Spanish romantic drama television series

The Vineyard (La templanza; lit. 'The Temperance') is a Spanish romantic drama television limited series produced by Atresmedia Studios and Boomerang TV for Amazon Prime Video starring Leonor Watling, Rafael Novoa, Emilio Gutiérrez Caba and Juana Acosta. It is an adaptation of the novel of the same name by María Dueñas. It was released on 26 March 2021.

== Premise ==
Set in the 1860s, the fiction moves across different locations such as Cádiz, Mexico City, London, and Havana.
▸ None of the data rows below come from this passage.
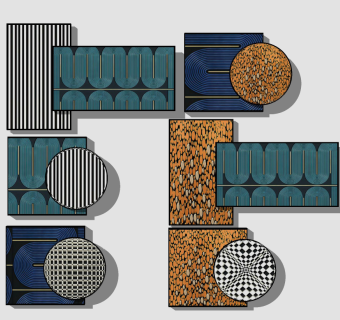 现代装饰挂画，立体画su草图模型下载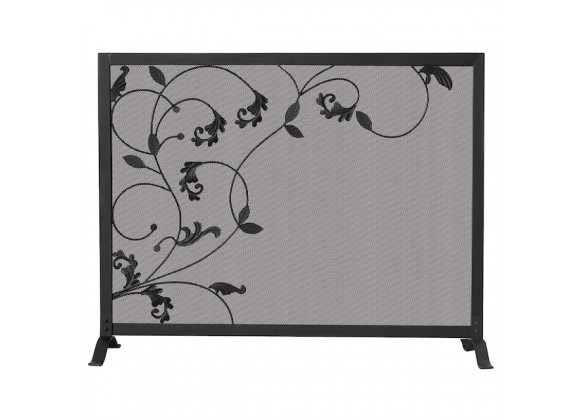 Mr. Bar-B-Q UniFlame® Single Panel Black Wrought Iron Screen with Flowing Leaf Design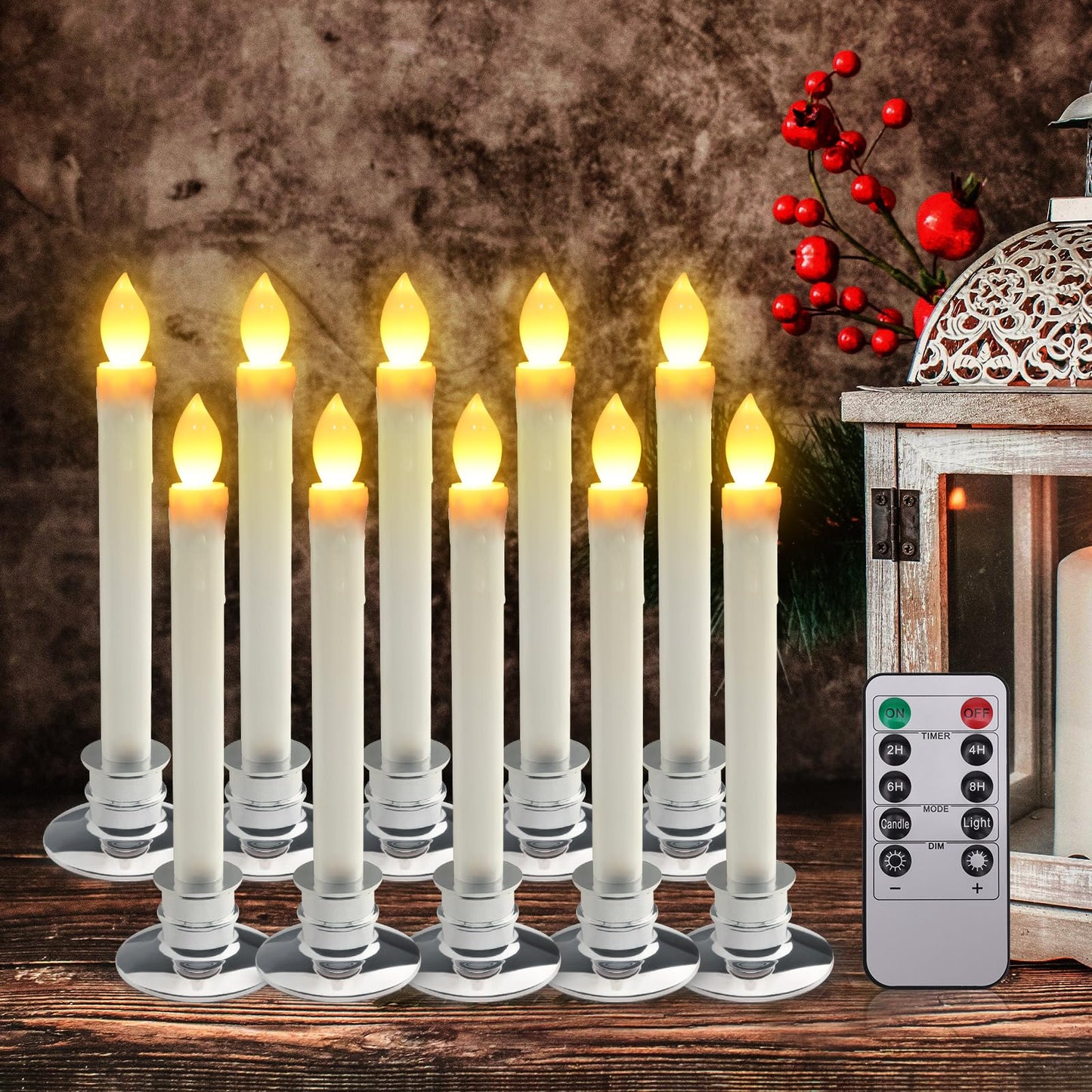 LED Flameless Window Candles With Remote Timer Sliver Base 10 PCS Battery Operated Flickering Taper Candle Lights With Removable Sliver Candle Holders Best Gift For Xmas Wedding Home Dinner Décor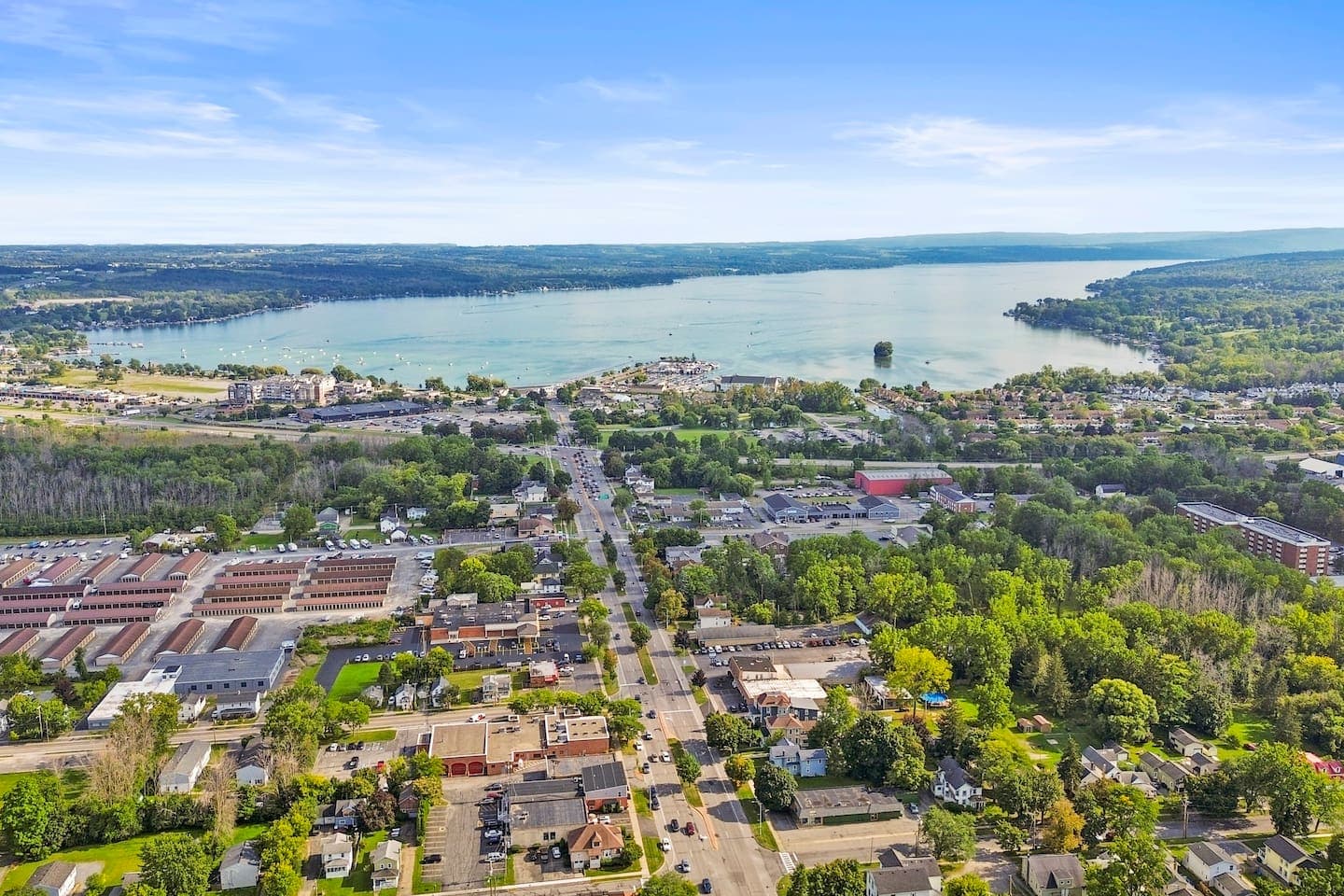 Aerial view of the surrounding town and lake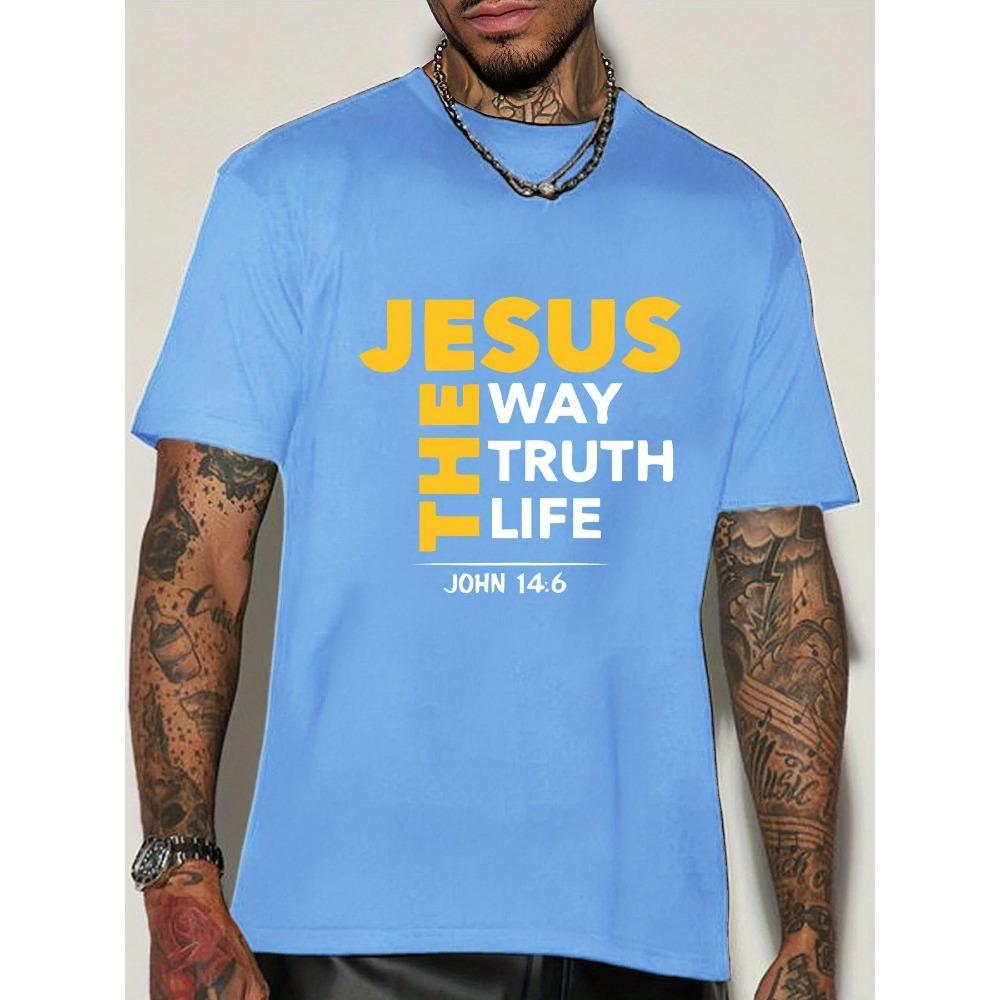 Summer Unisex Short Sleeve Crew Neck T Shirt Jesus The Way Truth Life Bible Text Religious Belief Theme Casual Cotton Streetwear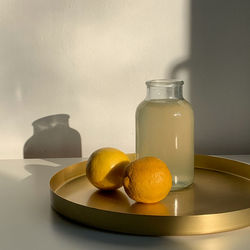 Close-up of fruits in glass on table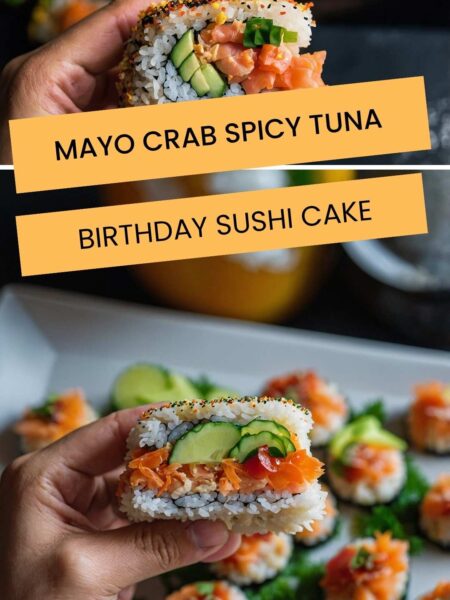Mayo Crab Spicy Tuna Birthday Sushi Cake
The plot tracks the love story between Mauro Larrea (Rafael Novoa) and Soledad Montalvo (Leonor Watling), a refined woman belonging to a noted winemaking family from Jerez.

== Cast ==
- Leonor Watling as Soledad Montalvo
  - Carla Campra as young Soledad Montalvo
- Rafael Novoa as Mauro Larrea
- Juana Acosta as Carola Gorostiza
- Emilio Gutiérrez Caba as Don Matías Montalvo
- Esmeralda Pimentel as Mariana Larrea
- Nathaniel Parker as Edward Clayton
- Alejandro de la Madrid as Elías Andrade
- Raúl Briones as Santos Huesos
- Ignacio Mateos as Luis el Comino
- Javier Beltrán as Gustavo Zayas
- Henry Pettigrew as Alan Clayton
- Bella Agossou as Trinidad.
- Jose Roberto Diaz as Ernesto Gorostiza (Episode 2)

== Production and release ==
The series is produced by Buendía Estudios in collaboration with Boomerang TV. It was shot in Tenerife, Madrid, Dublin, London and Jerez. In February 2021, Amazon Prime Video disclosed the intended release date set for 26 March 2021. Guillem Morales, Alberto Ruiz Rojo and Patricia Font directed the episodes, whereas Sonia Martínez, Nacho Manubens, Tedy Villalba and José María Caro are credited as executive producers. The screenplay adapting the original novel by María Dueñas was authored by Susana López Rubio and Javier Holgado. The series consists of 10 episodes with a running time of around 50 minutes.